The Johns Hopkins Data Science Specialization on Coursera

We are very proud to announce the the Johns Hopkins Data Science Specialization on Coursera. You can see the official announcement from the Coursera folks here. This is the main reason Simply Statistics has been a little quiet lately.

The three of us (Brian Caffo, Roger Peng, and Jeff Leek) along with a couple of incredibly hard working graduate students (Nick Carchedi of swirl fame and Sean Kross) have put together nine new one-month classes to run on the Coursera platform. The classes are:

  1. The Data Scientist’s Toolbox  - A basic introduction to data and data science and a  basic guide to R/Rstudio/Github/Command Line Interface.
  2. R Programming  - Introduction to R programming, from installing R to types, to functions, to control structures.
  3. Getting and Cleaning Data - An introduction to getting data from the web, from images, from APIs, and from databases. The course also covers how to go from raw data to tidy data.
  4. Exploratory Data Analysis - This course covers plotting in base graphics, lattice, ggplot2 and clustering and other exploratory techniques. It also covers how to think about exploring data you haven't seen.
  5. Reproducible Research  - This is one of the unique courses to our sequence. It covers how to think about reproducible research, evidence based data analysis, reproducible research checklists and knitr, markdown, R markdown, etc.
  6. Statistical Inference  - This course covers the fundamentals of statistical inference from a practical perspective. The course covers both the technical details and important ideas like confounding.
  7. Regression Models  - This course covers the fundamentals of linear and generalized linear regression modeling. It also serves as an introduction to how to "think about" relating variables to each other quantitatively.
  8. Practical Machine Learning  - This course will cover the basic conceptual ideas in machine learning like in/out of sample errors, cross validation, and training and test sets. It will also cover a range of machine learning algorithms and their practical implementation.
  9. Developing Data Products  - This course will cover how to develop tools for communicating data, methods, and analyses with other people. It will cover building R packages, Shiny, and Slidify, among other things.

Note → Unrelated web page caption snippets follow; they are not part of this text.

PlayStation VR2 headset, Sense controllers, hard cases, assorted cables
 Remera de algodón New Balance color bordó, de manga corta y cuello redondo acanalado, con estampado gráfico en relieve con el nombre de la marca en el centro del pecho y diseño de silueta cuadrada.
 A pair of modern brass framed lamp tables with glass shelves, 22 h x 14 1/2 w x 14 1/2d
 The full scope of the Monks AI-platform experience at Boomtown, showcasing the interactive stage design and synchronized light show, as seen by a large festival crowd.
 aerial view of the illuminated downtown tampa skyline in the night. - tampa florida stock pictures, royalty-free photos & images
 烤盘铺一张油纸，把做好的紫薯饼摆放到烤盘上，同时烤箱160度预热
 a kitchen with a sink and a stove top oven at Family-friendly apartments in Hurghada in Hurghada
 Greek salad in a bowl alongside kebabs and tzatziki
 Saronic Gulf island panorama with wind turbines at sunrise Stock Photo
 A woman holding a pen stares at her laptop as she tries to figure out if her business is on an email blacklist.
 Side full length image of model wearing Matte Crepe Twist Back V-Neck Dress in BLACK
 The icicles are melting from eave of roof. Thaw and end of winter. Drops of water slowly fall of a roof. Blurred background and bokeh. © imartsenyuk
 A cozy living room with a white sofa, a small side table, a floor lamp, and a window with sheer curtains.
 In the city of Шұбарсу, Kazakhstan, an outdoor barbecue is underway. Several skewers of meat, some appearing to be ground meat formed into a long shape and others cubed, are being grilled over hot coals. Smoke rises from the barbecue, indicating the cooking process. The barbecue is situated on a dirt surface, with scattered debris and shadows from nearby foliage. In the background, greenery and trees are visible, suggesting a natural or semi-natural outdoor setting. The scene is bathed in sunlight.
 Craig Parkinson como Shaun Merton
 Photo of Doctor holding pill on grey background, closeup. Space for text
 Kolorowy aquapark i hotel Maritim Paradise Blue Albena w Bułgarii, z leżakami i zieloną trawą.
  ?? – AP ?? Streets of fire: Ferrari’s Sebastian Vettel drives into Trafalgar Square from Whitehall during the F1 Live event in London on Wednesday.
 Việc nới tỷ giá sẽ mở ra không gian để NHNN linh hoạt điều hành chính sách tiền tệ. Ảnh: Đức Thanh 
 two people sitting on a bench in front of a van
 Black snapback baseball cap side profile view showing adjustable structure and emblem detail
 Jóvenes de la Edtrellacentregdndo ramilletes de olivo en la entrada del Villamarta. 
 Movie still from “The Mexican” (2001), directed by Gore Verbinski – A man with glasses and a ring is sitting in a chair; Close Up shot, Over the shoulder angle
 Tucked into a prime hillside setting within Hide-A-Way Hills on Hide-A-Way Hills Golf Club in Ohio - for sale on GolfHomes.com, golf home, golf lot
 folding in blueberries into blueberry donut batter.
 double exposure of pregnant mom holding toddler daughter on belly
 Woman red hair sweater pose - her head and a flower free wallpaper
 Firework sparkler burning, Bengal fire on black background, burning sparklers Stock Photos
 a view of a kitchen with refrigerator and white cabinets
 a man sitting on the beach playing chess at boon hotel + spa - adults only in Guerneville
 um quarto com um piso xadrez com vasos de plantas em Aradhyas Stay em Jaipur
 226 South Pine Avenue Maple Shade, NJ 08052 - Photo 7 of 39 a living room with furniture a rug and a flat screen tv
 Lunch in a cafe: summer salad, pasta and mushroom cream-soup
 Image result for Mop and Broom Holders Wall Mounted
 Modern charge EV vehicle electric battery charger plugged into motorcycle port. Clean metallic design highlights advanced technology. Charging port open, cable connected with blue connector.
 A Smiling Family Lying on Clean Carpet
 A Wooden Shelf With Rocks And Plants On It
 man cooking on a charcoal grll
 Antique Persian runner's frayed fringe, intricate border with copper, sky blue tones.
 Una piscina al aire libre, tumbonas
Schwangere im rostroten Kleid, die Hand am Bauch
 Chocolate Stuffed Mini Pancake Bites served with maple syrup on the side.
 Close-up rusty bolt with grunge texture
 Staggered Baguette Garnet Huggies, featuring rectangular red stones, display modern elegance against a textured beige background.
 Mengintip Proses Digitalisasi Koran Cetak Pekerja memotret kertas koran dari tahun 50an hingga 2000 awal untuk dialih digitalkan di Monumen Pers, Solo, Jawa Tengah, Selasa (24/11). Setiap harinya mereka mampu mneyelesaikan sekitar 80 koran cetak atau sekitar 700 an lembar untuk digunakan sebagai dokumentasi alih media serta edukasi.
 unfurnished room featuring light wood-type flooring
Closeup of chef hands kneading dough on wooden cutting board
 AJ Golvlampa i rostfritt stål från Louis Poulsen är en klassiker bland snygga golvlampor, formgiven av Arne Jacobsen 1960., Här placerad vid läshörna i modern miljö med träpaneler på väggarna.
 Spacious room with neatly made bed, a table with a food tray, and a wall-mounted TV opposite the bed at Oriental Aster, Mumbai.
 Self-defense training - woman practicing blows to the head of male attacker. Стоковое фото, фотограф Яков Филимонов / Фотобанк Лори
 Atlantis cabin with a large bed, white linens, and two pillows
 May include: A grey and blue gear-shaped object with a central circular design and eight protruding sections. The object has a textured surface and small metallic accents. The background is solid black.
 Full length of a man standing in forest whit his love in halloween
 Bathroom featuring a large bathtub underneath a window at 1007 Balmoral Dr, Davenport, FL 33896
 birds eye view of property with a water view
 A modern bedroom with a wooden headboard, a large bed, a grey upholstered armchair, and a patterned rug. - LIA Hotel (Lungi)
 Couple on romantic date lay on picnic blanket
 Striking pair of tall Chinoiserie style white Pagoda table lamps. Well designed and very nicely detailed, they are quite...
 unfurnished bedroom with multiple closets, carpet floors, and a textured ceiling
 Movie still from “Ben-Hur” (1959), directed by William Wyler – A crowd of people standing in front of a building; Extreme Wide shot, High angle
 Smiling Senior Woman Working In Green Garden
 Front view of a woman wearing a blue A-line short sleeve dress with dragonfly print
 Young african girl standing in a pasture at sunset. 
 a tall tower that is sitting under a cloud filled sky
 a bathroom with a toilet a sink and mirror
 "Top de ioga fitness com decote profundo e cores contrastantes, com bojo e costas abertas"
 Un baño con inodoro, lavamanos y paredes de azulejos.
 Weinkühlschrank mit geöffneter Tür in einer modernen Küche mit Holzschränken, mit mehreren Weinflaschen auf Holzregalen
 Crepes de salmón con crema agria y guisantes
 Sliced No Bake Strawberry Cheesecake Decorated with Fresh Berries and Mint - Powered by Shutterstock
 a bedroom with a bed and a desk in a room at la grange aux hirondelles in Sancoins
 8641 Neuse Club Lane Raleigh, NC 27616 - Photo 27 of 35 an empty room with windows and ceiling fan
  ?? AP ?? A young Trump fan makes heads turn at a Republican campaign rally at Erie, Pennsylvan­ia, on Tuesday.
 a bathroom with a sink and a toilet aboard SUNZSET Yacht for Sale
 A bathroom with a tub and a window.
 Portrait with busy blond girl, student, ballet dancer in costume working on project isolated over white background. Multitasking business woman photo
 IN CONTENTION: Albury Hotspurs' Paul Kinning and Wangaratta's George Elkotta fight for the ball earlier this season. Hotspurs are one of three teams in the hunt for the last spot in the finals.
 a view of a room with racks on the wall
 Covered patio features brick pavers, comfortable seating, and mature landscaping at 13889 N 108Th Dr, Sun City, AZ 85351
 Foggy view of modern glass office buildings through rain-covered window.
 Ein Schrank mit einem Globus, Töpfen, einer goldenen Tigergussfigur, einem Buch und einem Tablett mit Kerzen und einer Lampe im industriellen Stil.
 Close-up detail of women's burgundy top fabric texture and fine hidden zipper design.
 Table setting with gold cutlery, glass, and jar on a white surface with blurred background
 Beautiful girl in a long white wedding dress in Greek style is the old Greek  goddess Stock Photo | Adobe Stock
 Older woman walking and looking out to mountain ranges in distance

There will also be a specialization project - consisting of a 10th class where students will work on projects conducted with industry, government, and academic partners.

The classes represent some of the content we have previously covered in our popular Coursera classes and a ton of brand new content for this specialization. Here are some things that I think make our program stand out:

  • We will roll out 3 classes at a time starting in April. Once a class is running, it will run every single month concurrently.
  • The specialization offers a bunch of unique content, particularly in the courses Getting and Cleaning Data, Reproducible Research, and Developing Data Products.
  • All of the content is being developed open source and open-access on Github. You are welcome to check it out as we develop it and contribute!
  • You can take the first 9 courses of the specialization entirely for free.
  • You can choose to pay a very modest fee to get “Signature Track” certification in every course.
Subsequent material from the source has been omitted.